A suspension reached inside an inlined callee frame aborts the trace rather
than compiling: deopt rebuilds inlined frames from the journal records
(addr, bp, ip, returns) and never restores their coro field, so a
threaded suspend there would look up heap[0] and trap. Only the outermost
(anchor) frame keeps its coro across deopt, so only an anchor-frame suspension
is safe. This lifts the former blanket rejection: a hot loop whose hot back-edge
never yields now compiles, with the rare RESUME/YIELD as a clean side exit.
Scalars stay unboxed between trace opcodes. i32 values use low 32 bits, f32
and f64 use IEEE bits, and inline i64 values use the full signed register
value while guards enforce the boxed 49-bit range before materialization. Heap
promoted i64 values deopt on load.
ARRAY_GET and STRUCT_GET lower on ARM64 as full-trace heap reads for the
observed shape, so scalar/ref reads can feed later native ops instead of forcing
an immediate threaded resume. Native code guards the heap itab for that single
typed primitive-array, generic ref-array, or guest struct shape, checks the
index and field kind, performs the load, and continues through the trace.
Guard failures branch to an out-of-line side exit that resumes threaded dispatch
at the original opcode with the pre-op stack state flushed. Primitive array read
fast paths cover i1, i8, i32, f32, and f64; ref array/field reads
retain the loaded ref. i64 reads remain terminal because heap-promoted i64
fallback needs the interpreter-owned boxing path.
Primitive ARRAY_SET and STRUCT_SET still lower as terminal heap mutations:
the hot path performs the store, flushes the result state, and resumes threaded
dispatch at the next instruction.

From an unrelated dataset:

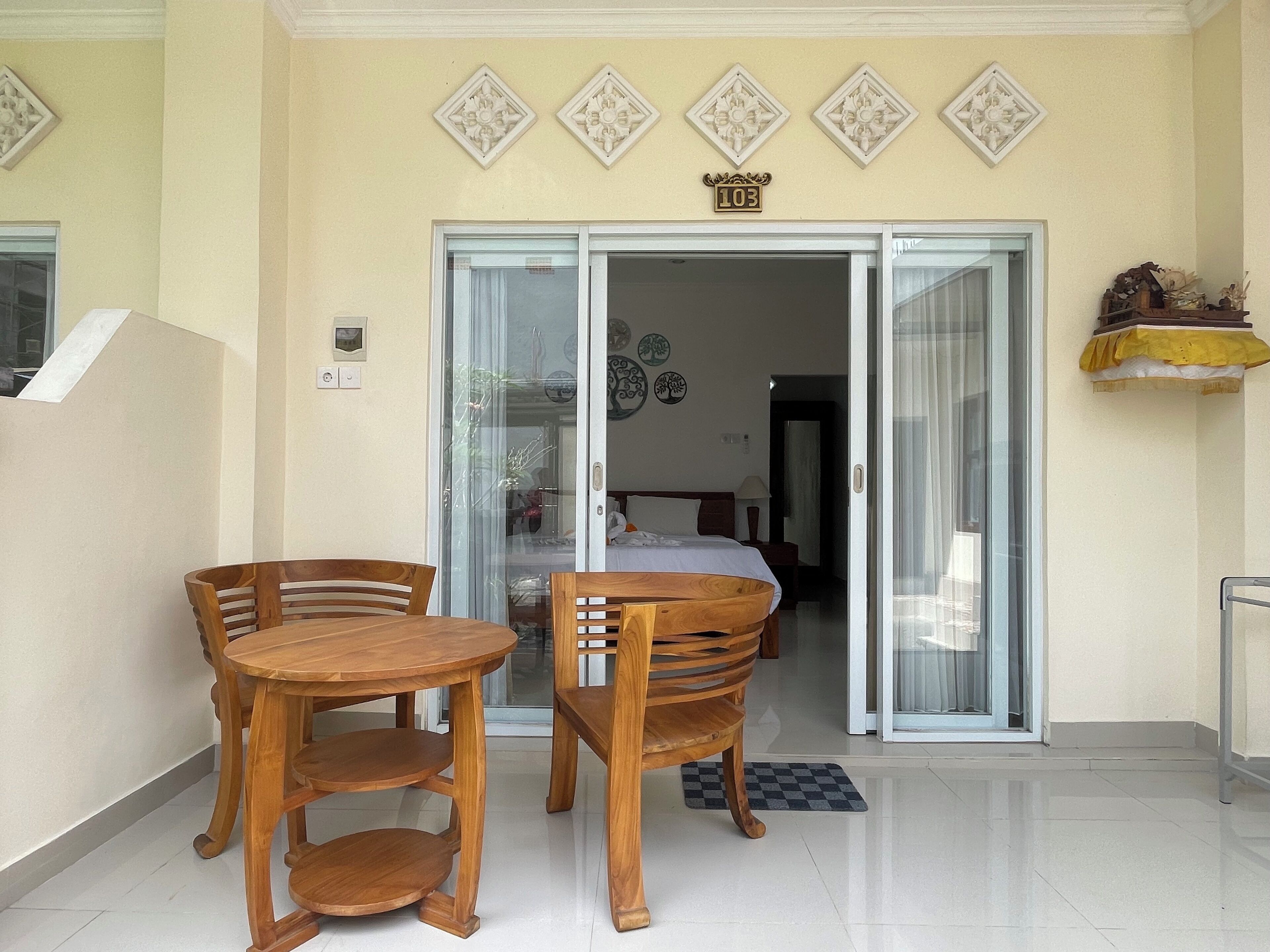 A hotel entrance with a wooden table and chairs, a sliding glass door, and a number sign above the door.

Shape, bounds, field-kind, or refcount-release
failures deopt at the opcode so the interpreter owns the full handler semantics.

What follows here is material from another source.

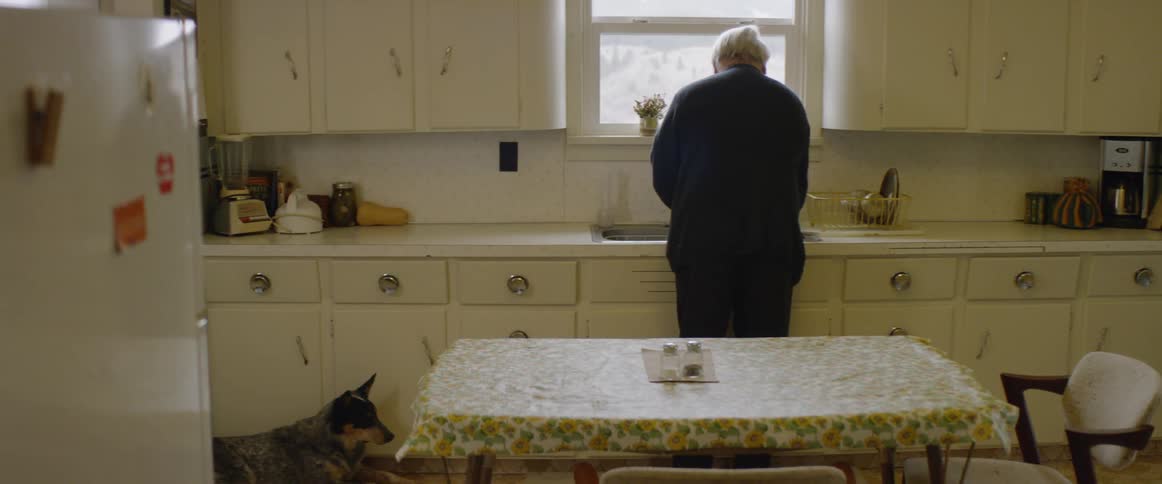 An old man is washing up his bowl in a kitchen sink in daylight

The narrow kinds i1/i8 share the i32 representation, so they ride in the low
32 bits exactly like i32 and loadLocal/constGet materialize them raw. Kind
checks are by representation (kinds compares Kind.Repr), so an i1/i8
operand flows into any i32.* lowering. Result kinds match the interpreter:
i32.and/or/xor use i32Bitwise, which keeps a shared narrow kind
(i8 & i8 → i8, i1 ^ i1 → i1) and widens a mixed pair to i32; other
arithmetic widens to i32; comparisons/eqz/ref.test/ref.eq go through
setBool, which pushes KindI1. box then tags each result i8/i1/i32
after masking the low lane.
GLOBAL_*, LOCAL_*, and UPVAL_* lower for in-range static slots. Scalar
slots load/store raw values directly; ref-bearing slots use journalRC guarded
retain/release. If a release might free (rc == 1), native deopts so the
interpreter owns recursive release.
Heap fast paths cover observed scalar REF_GET, selected typed
ARRAY_LEN/ARRAY_GET/ARRAY_SET, selected STRUCT_GET/STRUCT_SET shapes,
ERROR_GET, and the coroutine reads CORO_DONE/CORO_VALUE. They guard the
ref, heap itab, element/field kind, index, and release safety as needed;
ERROR_GET guards *types.Error, loads the boxed payload, retains a ref
payload, and releases the error handle. The coroutine reads guard the handle's
itab and load the done byte or the boxed value directly (CORO_VALUE retains
the value and releases the handle, CORO_DONE keeps it, matching the threaded
handlers). Heap allocation and complex ref-bearing mutations remain threaded.
ERROR_NEW, ERROR_CODE, and THROW are terminal fallback boundaries like
anchor-frame YIELD/RESUME: the tracer records them without stepping the
clone, and native code deopts at the opcode's own IP so the threaded handler
performs allocation, code extraction, throw unwinding, and handler landing. The
trace aborts if any appears in an inlined callee frame.